Presentation on theme: "Quantitative Analysis of the Ideal Free Distribution G. Ramirez, G. Huete, T. Knight, K. Heard, and D. Bellinger University of Miami Department of Biology."— Presentation transcript:
Quantitative Analysis of the Ideal Free Distribution G. Ramirez, G. Huete, T. Knight, K. Heard, and D. Bellinger University of Miami Department of Biology Coral Gables, Florida, USA
INTRODUCTION Ecologists attempt to establish general behavioral rules of animals. One of the most well-known generalizations is the Ideal Free Distribution hypothesis (Fretwell and Lucas, 1970). This ecological term basically refers to the way animals distribute themselves in their natural environment.
Example: 12 turtles are presented 2 groups of food. The food ratio is 3:1.
According to the Ideal Free Distribution, the turtles should distribute themselves in proportion to the food, 9:3.
Hypothesis According to the Ideal Free Distribution, we expected the ratios of turtles at the feeding stations to correspond quantitatively to the proportions of food at the feeding stations. Therefore, in performing our experiment, we tested the following null hypothesis: H o : The proportion of turtles at the feeding stations will not significantly correspond to the proportions of food being delivered at the stations.
What we did In this experiment, we tested Ideal Free Distribution by using the turtles as our experimental species. We fed the turtles at four feeding stations, with ratios of food at 6:3:2:1.
Methods (setting up) Location: “pond near the bridge” at F.I.U. Materials: Pond carp food, four spoons different in size (TBS, ½ TBS, TSP, ½ TSP), and a stopwatch. Teams: teams of two; one thrower and one counter. spread out evenly and assigned a spoon randomly; assigned a person each trial as the time keeper.

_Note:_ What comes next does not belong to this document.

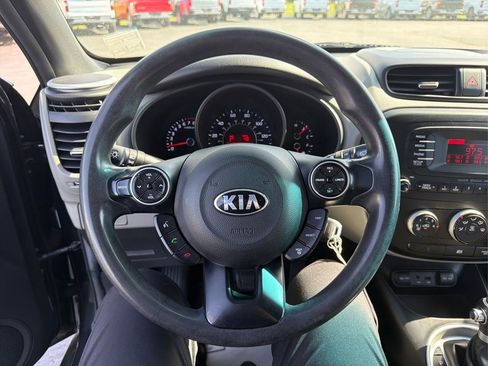 Used 2015 Kia Soul FWD image 14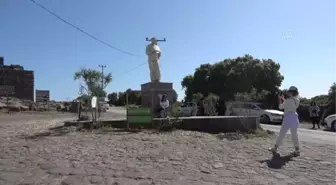 ÇANAKKALE - Assos'taki Aristo heykeli yenilendi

Methods cont. (how we did it) Each experiment lasted 15 minutes. Food was thrown every 30 seconds and turtles were counted 10 seconds after food was thrown. A turtle was counted only if it showed interest in the food.
Turtles Peninsula cooterTurtles in front of a feeding station
Methods cont. (data) The counters would record the number of turtles eating in front the teams. Using the data, we found the averages, standard deviations, and the long term means. We also needed to identify the “transient” of the data sets. We made exactly eight graphs with the 4 data sets.

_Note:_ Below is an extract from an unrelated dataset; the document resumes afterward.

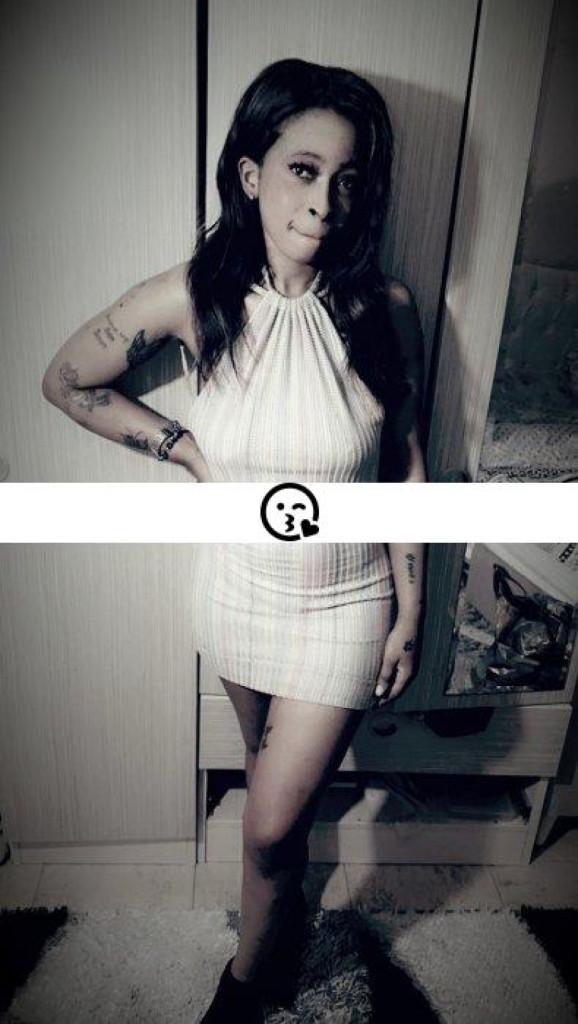 Riah photo 1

Results We took data sets from 4 different trials. We analyzed data and determined a “transient” and “long term” period for each trial. We calculated total and long term means for the data sets. We analyzed data to see if the following inequalities held: Number of turtles for TBS > ½ TBS > TSP > ½ TSP
Calculated vs. Theoretical We are interested in comparing our data to the theoretical ratio 6: 3: 2: 1. Consider the results from the 2nd trial on 6/25/08 long term data. Calculated means 32.6: 17.0: 11.4: 7.9. If we set 6 for ½ TSP, then the theoretical ratios are 36: 18: 12: 6.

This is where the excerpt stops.